Material provided ->
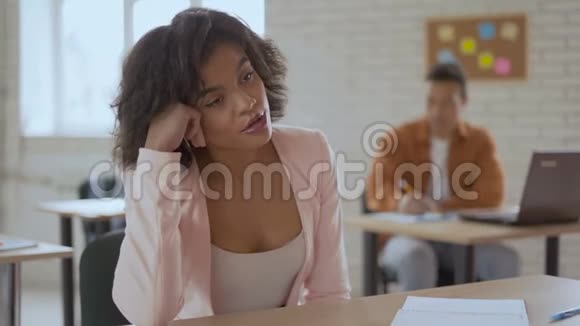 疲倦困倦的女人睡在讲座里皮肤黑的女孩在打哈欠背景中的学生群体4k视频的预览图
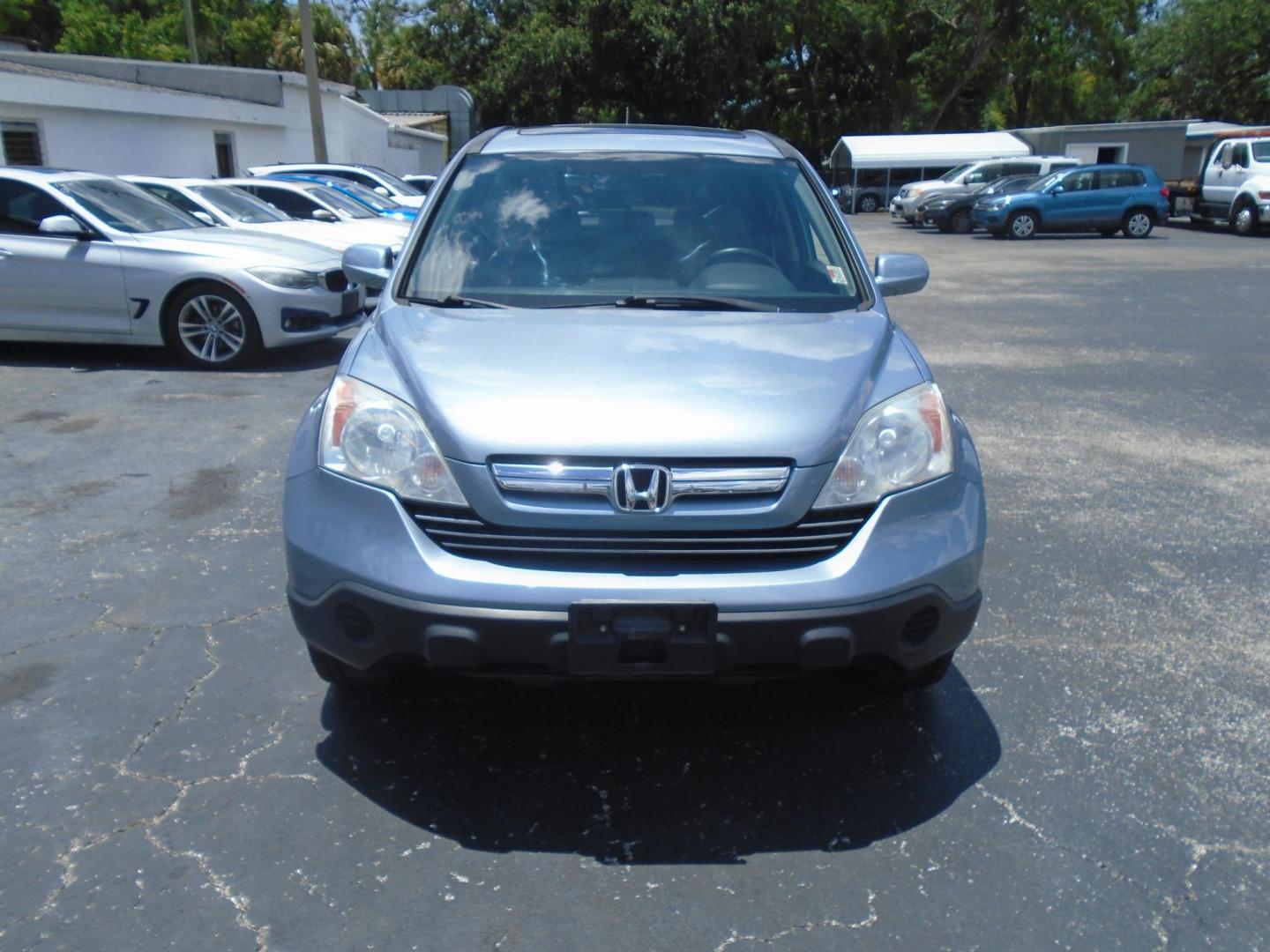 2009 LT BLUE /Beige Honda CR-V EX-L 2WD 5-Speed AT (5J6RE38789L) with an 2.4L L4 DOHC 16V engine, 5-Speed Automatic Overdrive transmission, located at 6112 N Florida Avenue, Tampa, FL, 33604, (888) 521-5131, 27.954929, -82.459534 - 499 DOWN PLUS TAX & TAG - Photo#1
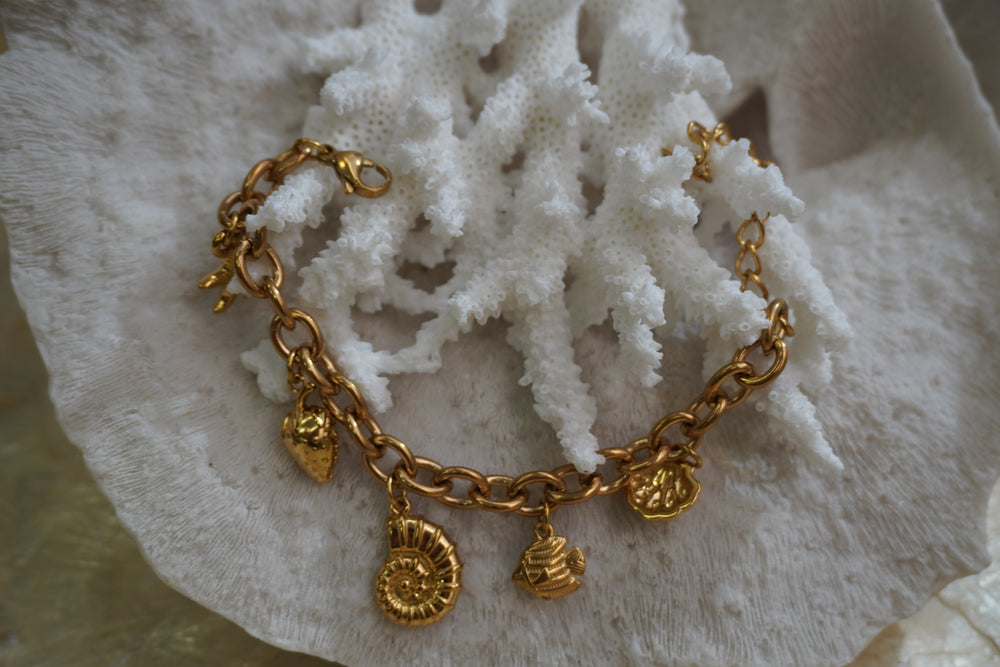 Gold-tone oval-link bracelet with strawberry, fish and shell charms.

Exercise details -> Only the text of the material belongs in your copy, which must match the original exactly.

Solution ->
 疲倦困倦的女人睡在讲座里皮肤黑的女孩在打哈欠背景中的学生群体4k视频的预览图
 2009 LT BLUE /Beige Honda CR-V EX-L 2WD 5-Speed AT (5J6RE38789L) with an 2.4L L4 DOHC 16V engine, 5-Speed Automatic Overdrive transmission, located at 6112 N Florida Avenue, Tampa, FL, 33604, (888) 521-5131, 27.954929, -82.459534 - 499 DOWN PLUS TAX & TAG - Photo#1
 Gold-tone oval-link bracelet with strawberry, fish and shell charms.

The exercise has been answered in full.